Specifies the transfer encoding of the original data.

Content-Transfer-Encoding

Specifies the transfer encoding applied.

Content-Language

Specifies the language(s) of the content. Rarely used.

Content-Type

Specifies the media type and the character encoding.

MIME-Version

Indicates the use of MIME, and a specific version.

Subject

Specifies the subject (title) of the message.

TRansfer-Encoding

Specifies the transfer encoding of the message body.

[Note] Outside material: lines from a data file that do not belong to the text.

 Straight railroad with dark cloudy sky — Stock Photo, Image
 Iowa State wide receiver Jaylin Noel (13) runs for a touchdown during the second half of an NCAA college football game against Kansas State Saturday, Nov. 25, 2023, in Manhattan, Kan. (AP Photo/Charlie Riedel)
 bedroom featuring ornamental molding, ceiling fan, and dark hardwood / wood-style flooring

10.2.3.3. Headers for transfer encoding

As you can see from Table 10-1, there are several headers that may specify a "content encoding," which means an additional encoding such as compression. Those headers differ in their scope of use. For example, Content-Encoding: gzip might be used by web servers when they send a document as compressed with the gzip algorithm, for efficiency. Web server software might allow the server administration to configure the server to automatically use such compression when sending to browsers that can handle it. This could remove much of the inefficiency involved in some character encodings.

In MIME email, the Content-Transfer-Encoding header is used to specify the encoding (if any) applied to octets (as used in some primary encoding, such as UTF-8 or ISO-8859-1) in order to transmit them in an environment where "raw" 8-bit data might cause problems. The possible values for it are specified in Table 10-2.

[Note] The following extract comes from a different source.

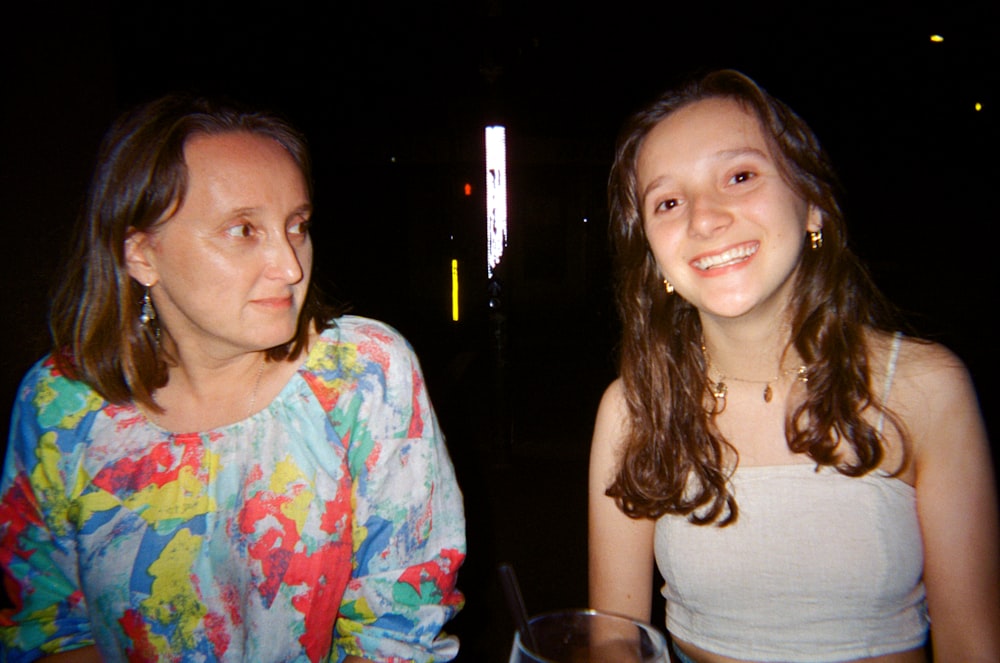 a woman sitting next to another woman at a table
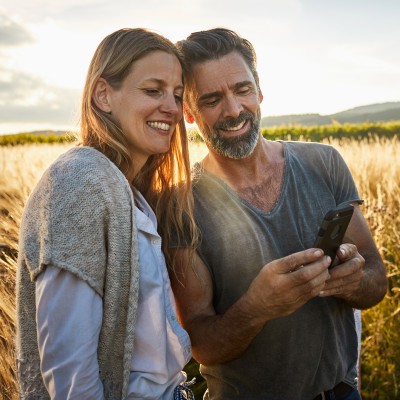 ParkKonto: Paar - im Hintergrund ein Weizenfeld - schauen entspannt auf das Smartphone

Table 10-2. Content-Transfer-Encoding values (for MIME email)

Value

Meaning

7bit

7-bit data sent as such, no transfer encoding

8bit

Textual 8-bit data sent as such, no transfer encoding

base64

Base64 encoding (see Chapter 6) has been applied to the octets

binary

Arbitrary 8-bit data sent as such, no transfer encoding

quoted-printable

QP encoding (see Chapter 6) has been applied to the octets


The header Content-Transfer-Encoding: 7bit promises that the message content consists of relatively short (maximum: 998 characters) lines of text, with CR LF between lines. The characters CR and LF appear in such pairs only. All octets are in the range 1 to 7F hexadecimali.e., correspond to ASCII characters excluding NUL.

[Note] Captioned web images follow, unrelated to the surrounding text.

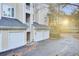 Condo building exterior with garages, balconies, and landscaping at sunset at 280 Seven Farms Dr # 203, Charleston, SC 29492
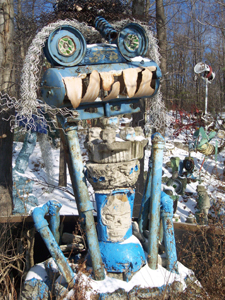 Braided wire is used for hair, hubcaps for eyes, engine parts for the body, and
pipes for the limbs; the demonic-looking figure with huge white teeth is painted
a lovely cobalt blue.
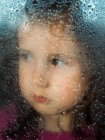 Menina atrás de vidro janela molhada — Fotografia de Stock
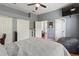 Spacious bedroom featuring hardwood floors, ceiling fan, and a neutral color scheme at 1508 86Th Nw Ct, Bradenton, FL 34209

The header Content-Transfer-Encoding: 8bit makes a similar promise, but octets larger than 7F may appear. NUL is excluded here, too. Thus, all octets in the range 1 to FF may appear, though CR and LF appear only in CR LF pairs.

10.2.3.4. The Quoted-Printable (QP) transfer encoding

The MIME specification defines, among many other things, the general purpose "Quoted-Printable" (QP) encoding, which we described in Chapter 6. Some of the basic points are repeated here, partly to explain them a bit differently, partly to help readers who skipped Chapter 6 because it was too technical.

QP can be used to represent any sequence of octets as a sequence of such octets that correspond to ASCII characters. This implies that the sequence of octets becomes longer, and if it is read as an ASCII string, it can be incomprehensible to human readers. What is gained is robustness in data transfer, since the encoding uses only "safe" ASCII characters, which will most probably get unmodified through any component in the data transfer.

Basically, QP encoding means that most octets up to 7F (hexadecimal) are used as such, whereas octets with higher values and some other octets are presented as follows: octet n is presented as a sequence of three octets, corresponding to (ASCII codes for) the equals sign, =, and the two digits of the hexadecimal notation of n.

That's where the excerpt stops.